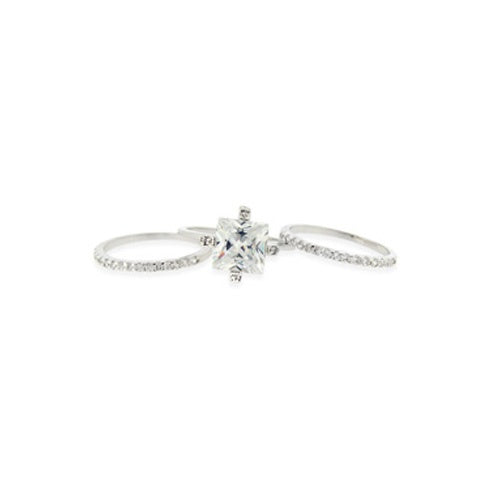 Sterling Silver Square CZ Wedding Engagement Stackable Ring Set-3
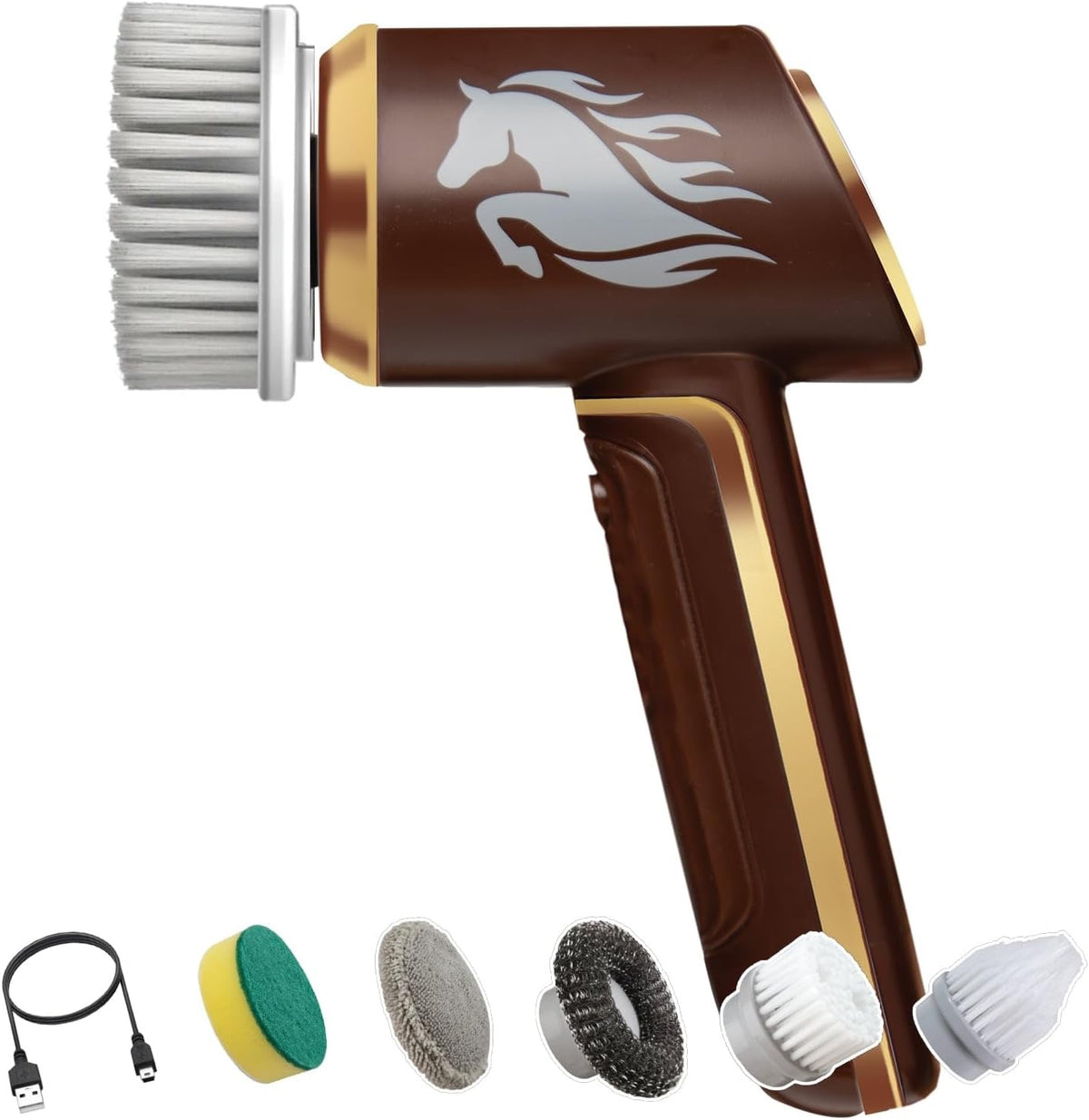 Brown handheld grooming tool with horse logo and attachments on a white background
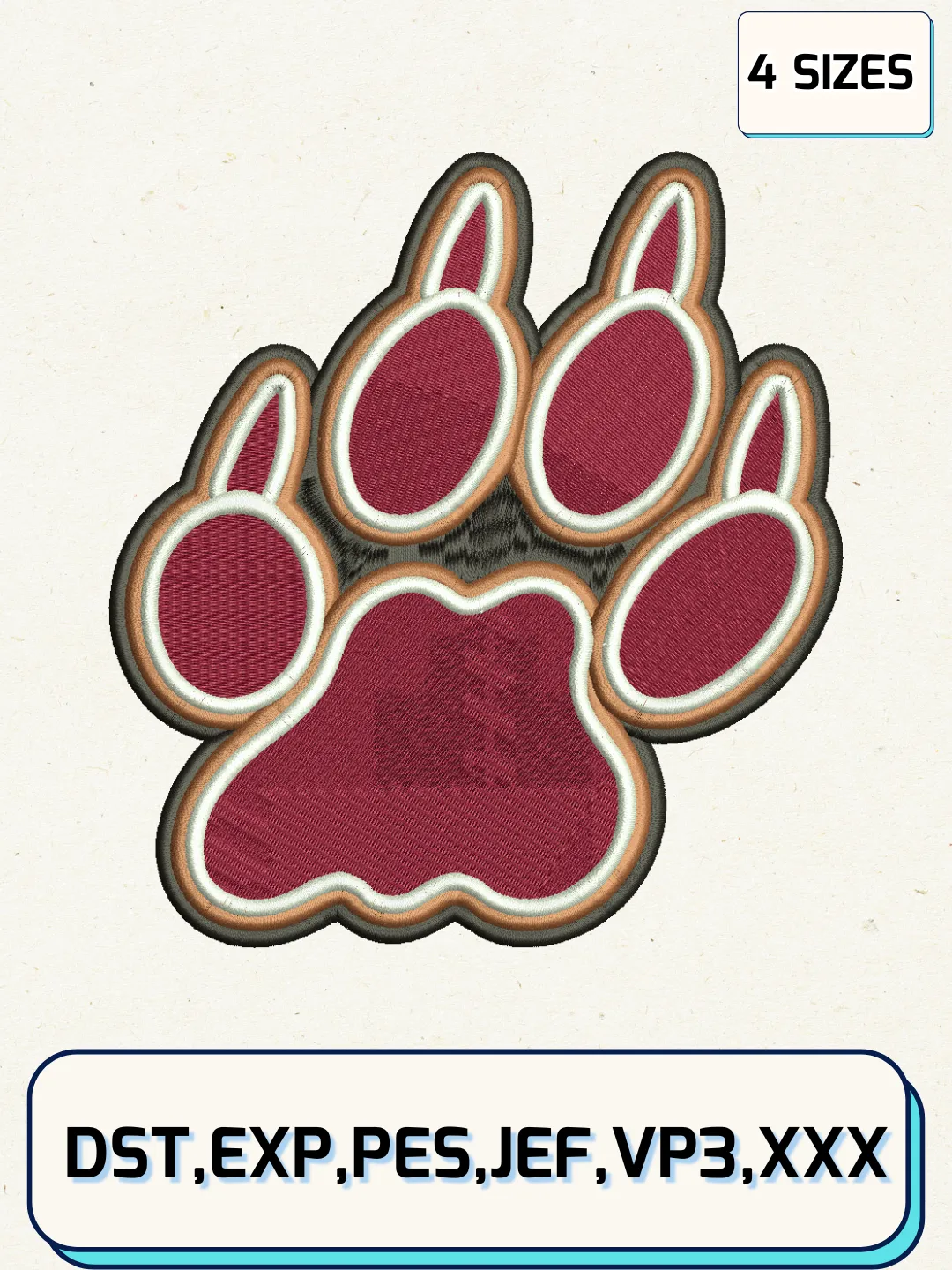 Lafayette Leopards Logos Embroidery Design Files, NCAA Logos Embroidery Designs, Machine Embroidery Files, 4 Sizes
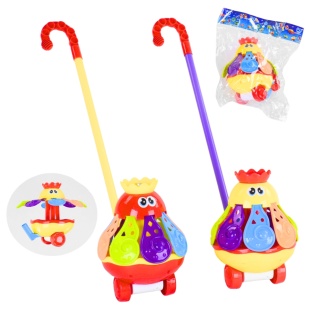 Каталка, 12х12х53 см, на палке, с колокольчиком, цветная, в пакете 26х12х30 см - интернет-магазин optom-k.com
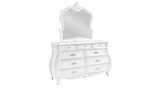 Opulence Modern Style Mirror Made with Wood in Pearl White B009P240962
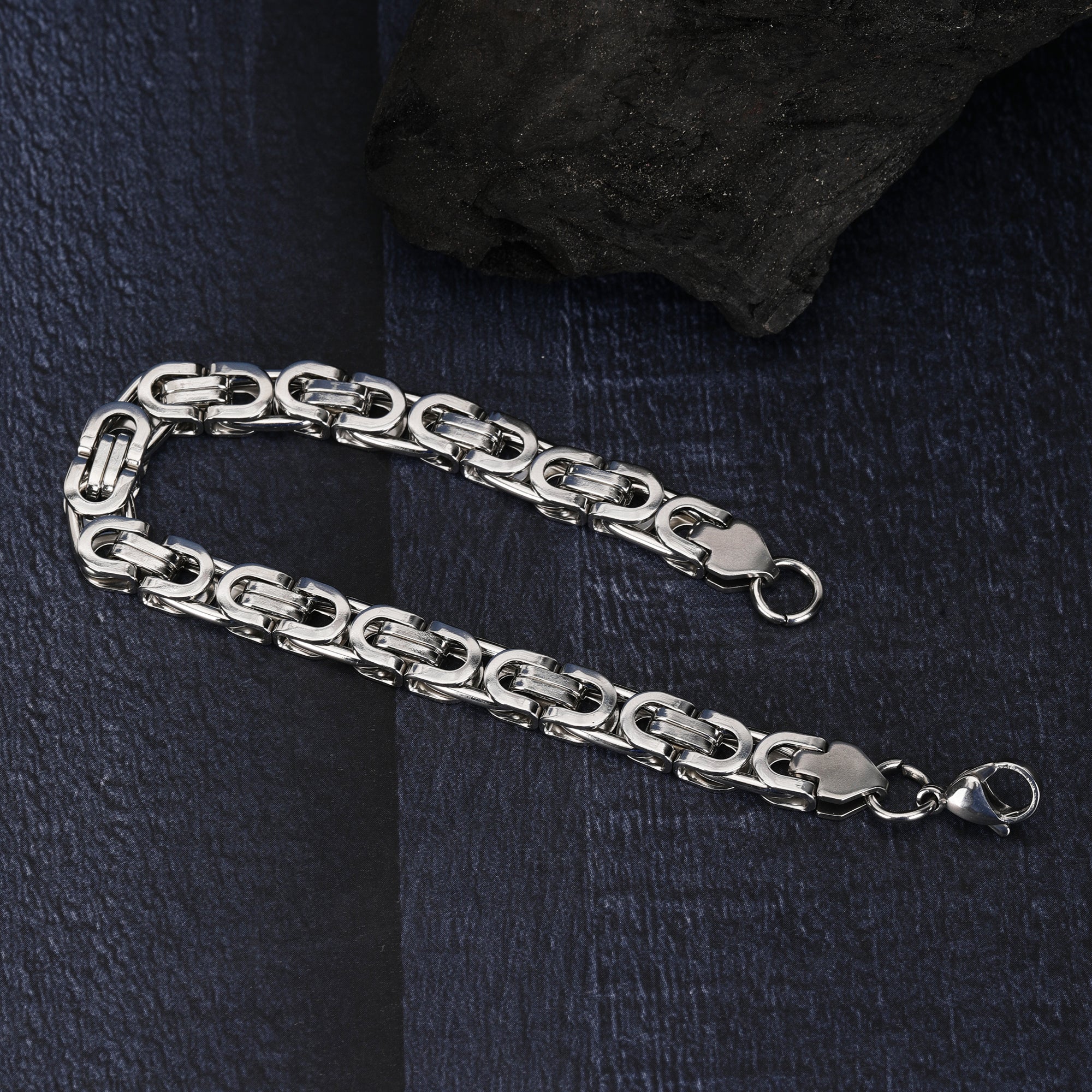Jazz and Sizzle Silver Plated Stainless Steel Block Link Bracelet for Men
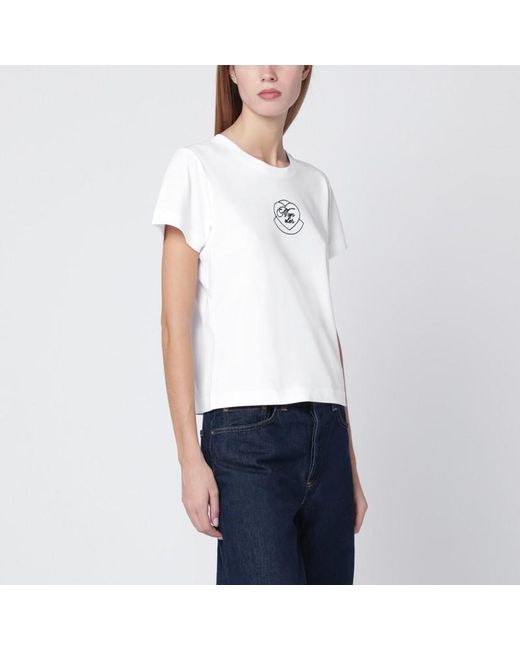 Moncler White Cotton T-shirt With Embroidered Heart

————

WHAT YOU WILL DO:
Keep the pictures out and write out the records exactly.

ANSWER TO THIS TASK:
 Sterling Silver Square CZ Wedding Engagement Stackable Ring Set-3
 Brown handheld grooming tool with horse logo and attachments on a white background
 Lafayette Leopards Logos Embroidery Design Files, NCAA Logos Embroidery Designs, Machine Embroidery Files, 4 Sizes
 Каталка, 12х12х53 см, на палке, с колокольчиком, цветная, в пакете 26х12х30 см - интернет-магазин optom-k.com
 Opulence Modern Style Mirror Made with Wood in Pearl White B009P240962
Jazz and Sizzle Silver Plated Stainless Steel Block Link Bracelet for Men
 Moncler White Cotton T-shirt With Embroidered Heart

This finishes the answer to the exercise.